Holding insurers to account
It is widely known that the government’s agenda in driving the reforms is tackling ‘compensation culture’, followed by the natural assumption that insurance premiums will reduce by doing so: an appealing prospect to the electorate, so an assumed safe passage through the legislation process was expected.
While the concept is attractive, it is challenged by the sceptical view that any savings achieved will not be passed on to consumers. Apart from the theoretical challenge, the practical ambition of being able to demonstrate a reduction in premiums was recognised in principle. In its response, the government has announced measures that may require insurers to report to the FCA both on what they have paid out each year as a result of PI claims and what they would have had to pay, had the legislation not been in force. In order to allow for sufficient time to pass, to fully understand the impact, this obligation will not be required until 2024/2025 and, at that point, the Treasury will give a view on whether and how policy holders have “benefited from any reductions in costs for insurers.”
Vulnerable road users
A second notable concession is in relation to vulnerable road users – pedestrians and cyclists – who will be exempt from the reforms entirely, meaning they will not be subject to the tariff or increased small claims limit.
Discount rate proposals
The debate thus far has mainly focused on the whiplash reforms but discount rate proposals remain a significant feature in this bill, after the reduction in the discount rate announced by the government in February 2017 increased damages awards significantly.

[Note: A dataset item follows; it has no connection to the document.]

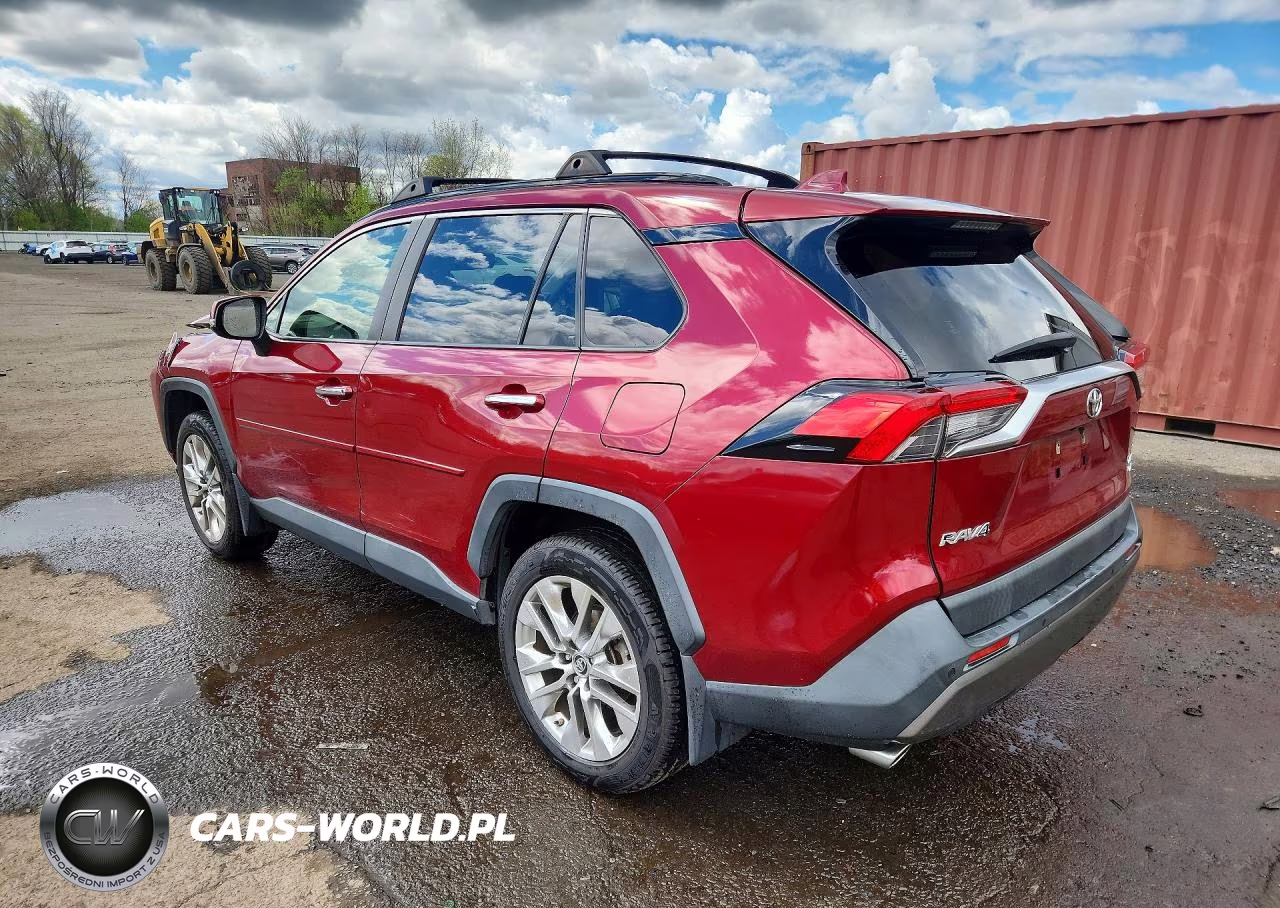 2019 Toyota Rav4 Limited VIN:JTMN1RFV0KD506627 - 2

Stakeholders ought to be aware of the timescale for review, which, if agreed in the Lords, will see the rate being reviewed within 140 days of royal assent.

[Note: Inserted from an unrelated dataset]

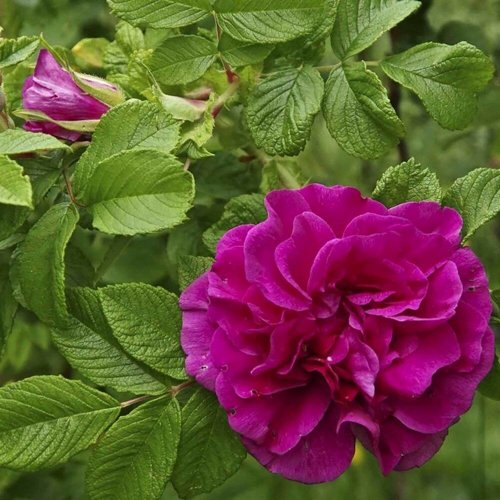 Шиповник ХАНСА в Слониме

The issue of who sets the rate continues to be debated, with insurers adopting the view that political accountability should be retained by the Lord Chancellor, rather than alternative options such as a ‘panel of independent experts’, on the basis that it would be inappropriate for a small group of unaccountable individuals to be responsible for setting the rate.

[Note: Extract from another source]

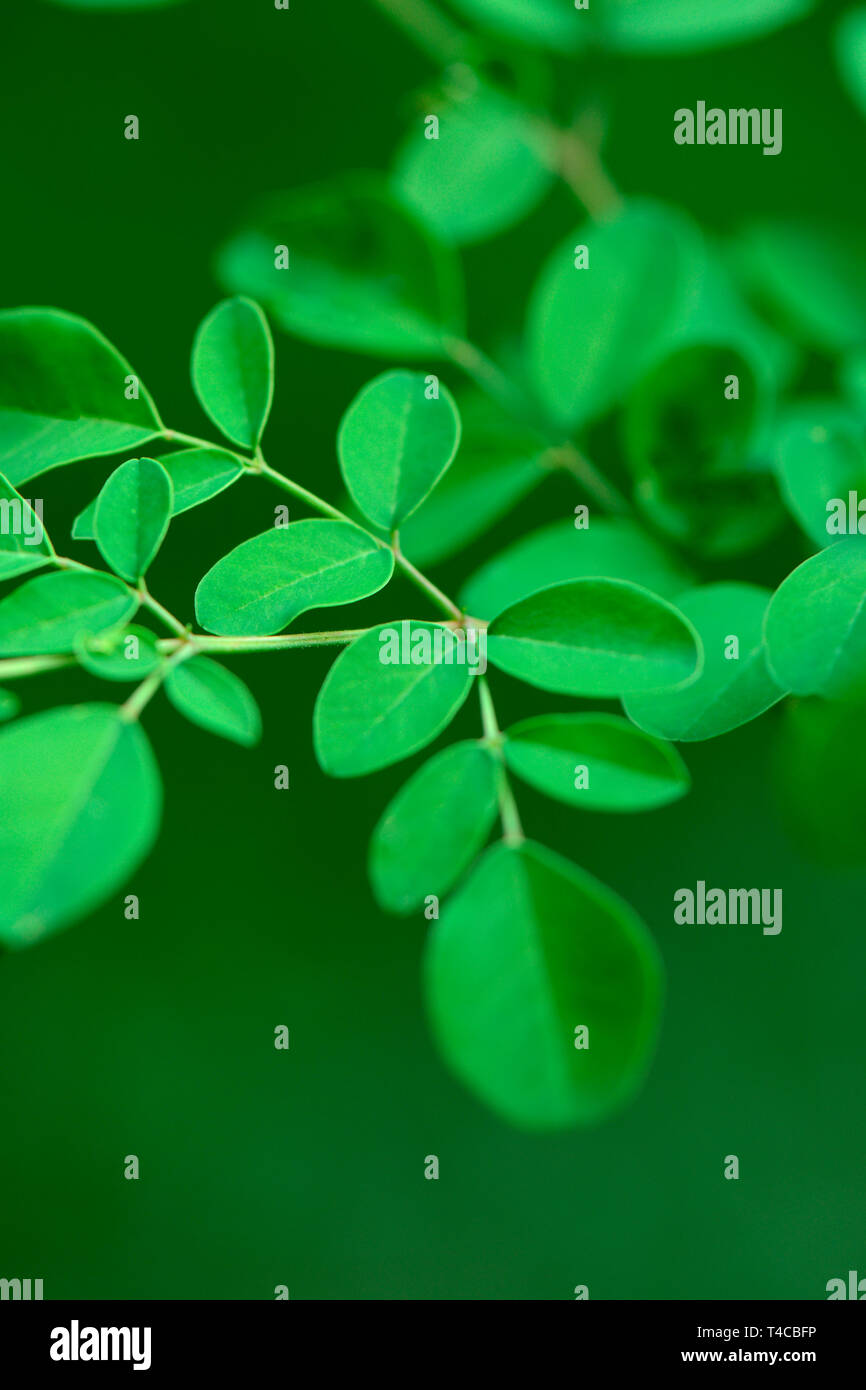 Moringa, Blaetter, Moringa Oleifera Foto Stock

There is also concern about the proposed mandatory use of periodic payment orders (PPOs), bearing in mind there are existing mechanisms contained within the Civil Procedure Rules that allow for PPOs. These decisions are based on an informed choice of accepting a lump sum or not after financial advice has been given to the claimant, which may otherwise be removed.
The bill proceeded to the Public Committee stage and concluded on Tuesday, 9 October 2018, where MPs examined it line by line and considered amendments.
While the bill in its final form is likely to bring clarity, the desire for reform also draws attention to the wider issues of claims management companies, credit hire organisations and the impact of cold calling, which are a fundamental part of the claims process but not necessarily addressed by the bill.
Once implemented, the bill will significantly change the landscape of the claims industry and will directly impact on claimants and defendants across the supply chain. In order to meet the challenge, stakeholders will need to be agile in response to the legal framework and market trends. Lyons Davidson’s combination of technical expertise and innovative IT systems are perfectly poised to respond to the anticipated changes, so that we can continue to offer value to our clients, delivering a high standard of legal services and efficient claims handling in the new environment. Please get in touch if you would like to discuss how we can work with you.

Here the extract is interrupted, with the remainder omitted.